* [Task description]:
From the line that holds "Tapis d'Inde, Jeypoor" to the end of the records, reproduce every line exactly. No pictures.
[[ Recorded information open ]]
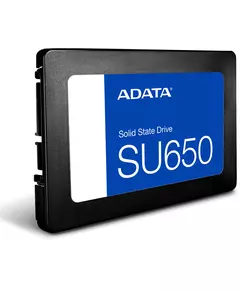 Купить SSD-накопитель AData 1Tb Ultimate SU650 SATA-III 2.5" [ASU650SS-1TT-R] в компании Зеон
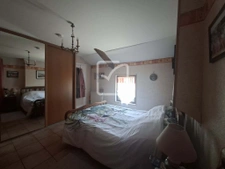 Maison individuelle en pierre, 136 m2, 4 chambres, terrain a 9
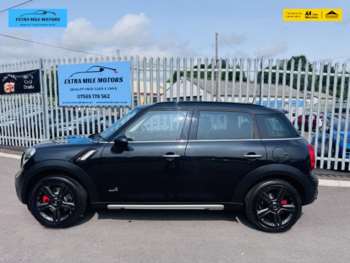 Used MINI Countryman 2016 for sale - 74797643: Photo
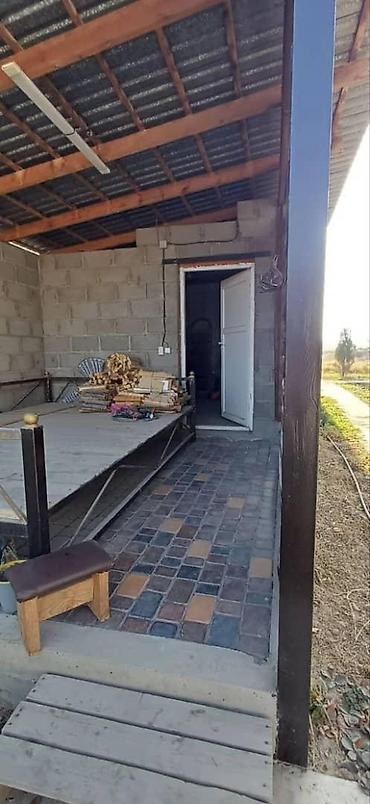 Продажа коттеджей и домов: Дом | Арча-Бешик | 5 соток | Выше магистрали, напротив парка — 23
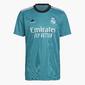 Camiseta Real Madrid 3ª Equipación 21/22 Camiseta Real Madrid 3ª Equipación 21/22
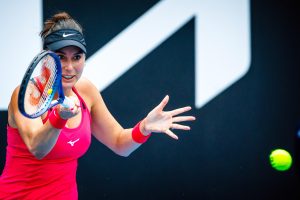 Tennis : la France à la fête lors de Femmes en Nord ?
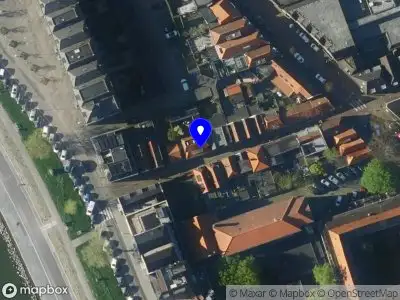 Overlastmelding Geldersesteeg in Hoorn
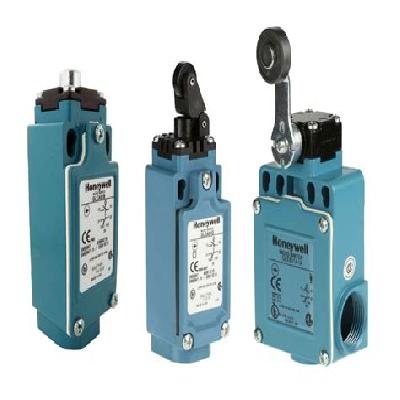 Photoelectric Sensors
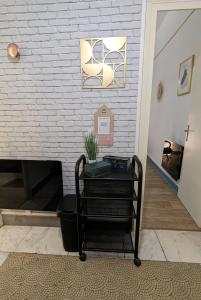 Appartements Le parc, centre-ville, thermes et opera : photos des chambres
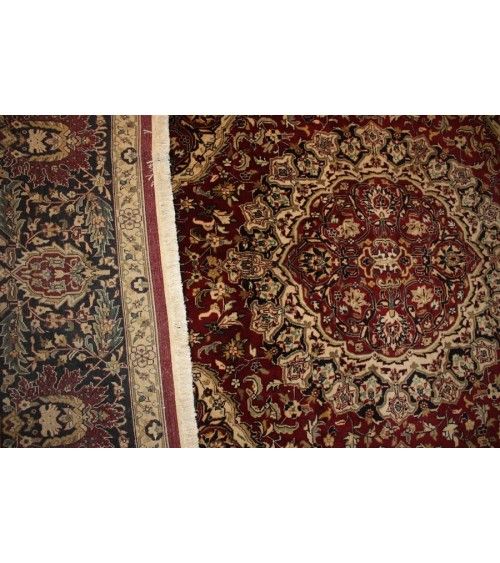 Tapis d'Inde, Jeypoor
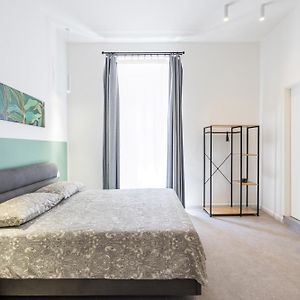Camera deluxe con letto king size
[[ Recorded information closed ]]
* [Exercise output]:
 Tapis d'Inde, Jeypoor
Camera deluxe con letto king size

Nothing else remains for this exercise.